LL(1) Parser
With this module, you can use parser combinators to create LL(1) parsers
working over a PeekableStringReader
input.
Build your parser with combinators then use one of ll1/reader
,
ll1/string
, ll1/port
, ll1/file
or ll1/file-lines
to consume input.
To use the bindings from this module:
(import :std/parser/ll1)
Beware that the 1 in LL(1) means that these parsers only use at most
one character of look-ahead from the reader, allowing them to work on raw ports.
However, this limitation means that if an alternative in a ll1-or
fails
further than at the start, the next alternative will start
from where the previous one failed, and not from the point at which the ll1-or
started.
This may be a reason to prefer ll1-case
over ll1-or
—
or to prefer a more advanced kind of parser if this is not enough.
Using LL(1) Parsers
ll1/reader
(ll1/reader parser reader [description] [where]) => parse-result
Given a LL(1) parser
and a reader
satisfying the PeekableStringReader
interface,
return the result of parsing the reader with the parser.
In case of error, use the description
and where
specification in the error message.
Examples:
> (ll1/reader ll1-sint (open-buffered-string-reader "-3"))
-3
ll1/string
(ll1/string parser string [description] [where]) => parse-result
Given a LL(1) parser
and a string
,
return the result of parsing the string with the parser.
In case of error, use the description
and where
specification in the error message.
Examples:
> (ll1/string (ll1-separated ll1-uint ll1-skip-space* ll1-eof) "12 3 4 56")
(12 3 4 56)
ll1/port
(ll1/port parser port [description] [where]) => parse-result
Given a LL(1) parser
and a port
,
return the result of parsing the port with the parser.
In case of error, use the description
and where
specification in the error message.
Examples:
> (call-with-input-string "foo\nbar\nbaz\n" (lambda (port) (ll1/port ll1-lines port)))
("foo" "bar" "baz")
ll1/file
(ll1/file parser path [description] [where]) => parse-result
Given a LL(1) parser
and a path
,
return the result of parsing the file at said path with the parser.
In case of error, use the description
and where
specification in the error message.
Examples:
> (ll1/file (ll1-result 42) "/dev/null")
42
ll1/file-lines
(ll1/file-lines parser path [description] [where]) => parse-result
Given a LL(1) parser
and a path
,
return a list containing the result of parsing each line of the file with the parser.

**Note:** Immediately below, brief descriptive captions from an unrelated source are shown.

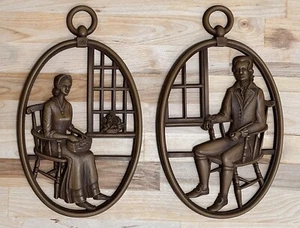 Vintage Syroco Wall Hanging Brown Plaques Colonial Man & Woman in Rocking Chairs - Picture 1 of 7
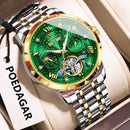 POEDAGAR Luxury Men Wristwatch Fashion Date Hollow Tourbillon M
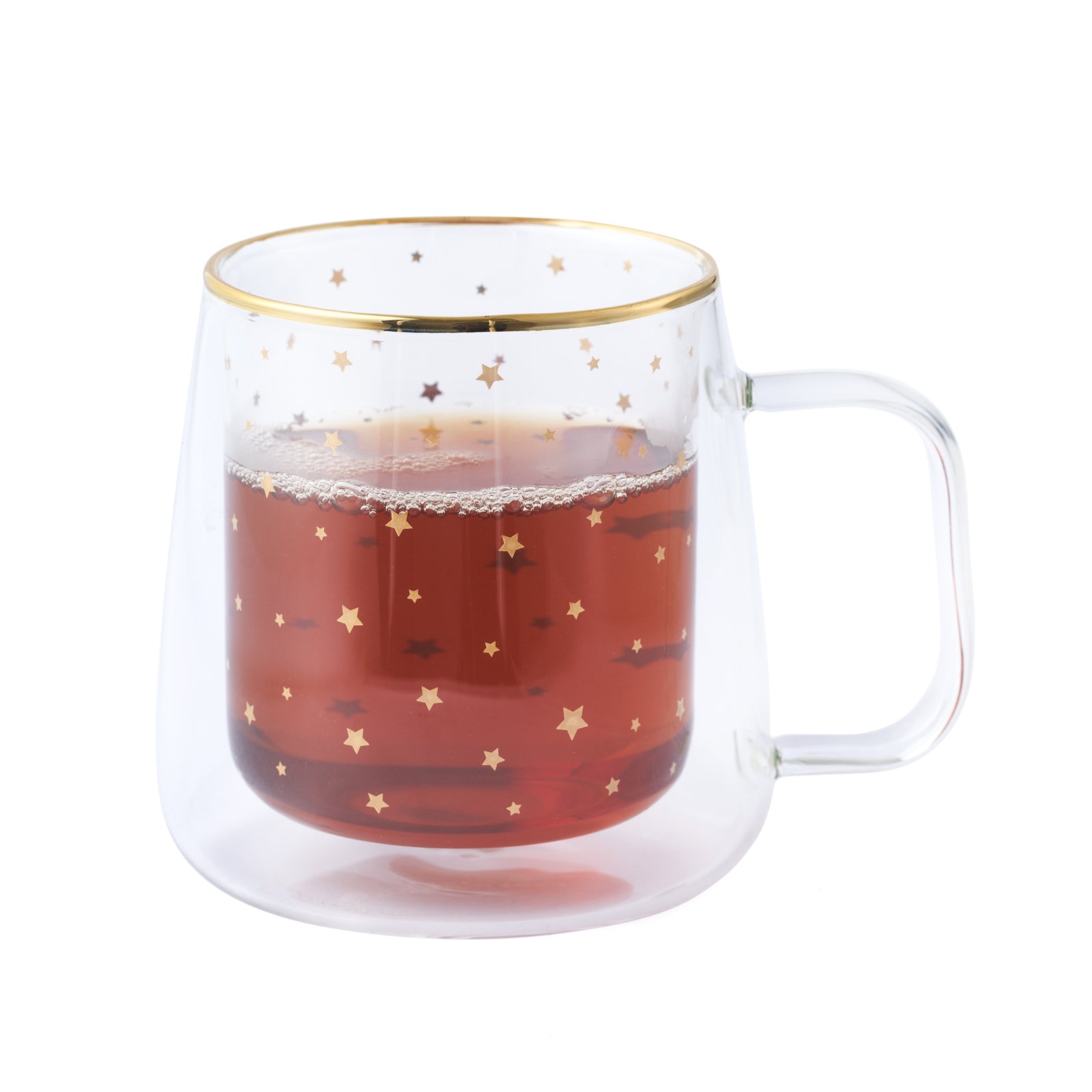 Taza Doble Vidrio Estrellas Doradas Grande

In case of error, use the description
and where
specification in the error message.
Examples:
> (ll1/file-lines ll1-line "/dev/null")
()
Helpers for LL(1) Parsers
peeker
(peeker spec) => procedure
Find a suitable procedure to recognize a character input (from peek-char
),
based on specification spec
:
- If
spec
is a procedure, it designates itself. - If
spec
is a character or the EOF object, it designates the function that recognizes exactly this character. - If
spec
is a string, it designates the function that recognizes the elements of the string. - If
spec
is a hash-table, it designates the function that recognizes the keys of the table, returning the respective value. - If
spec
is a list, each element is a specification as above, and the function designated is one that recognizes any of the characters recognized by one of these elements, tried in order.
eolf?
(eolf? char-or-eof) => bool
Return true if the argument is one of the character #\newline
,
the character #\return
or the eof-object #!eof
.
Examples:
> (andmap eolf? '(#\newline #\return #!eof))
#t
> (ormap eolf? '(#\a #\b 1 "foo"))
#t
peekable-eof?
(peekable-eof? reader) => bool
Return true if the reader has reached the end of its data stream.
Basic LL(1) Parsers
ll1-case
(ll1-case (spec body ...) ... (else e ...)) => parser
(ll1-case (spec body ...) ...) => parser
The ll1-case
macro creates a LL(1) parser that
peeks at one character (of eof-object), then tries
each function specified by spec
as per peeker
on that character in order.
If one spec
succeeds, it executes the body ...
associated with that spec
;
if that body
starts with =>
it is a function that takes the result of the peeker.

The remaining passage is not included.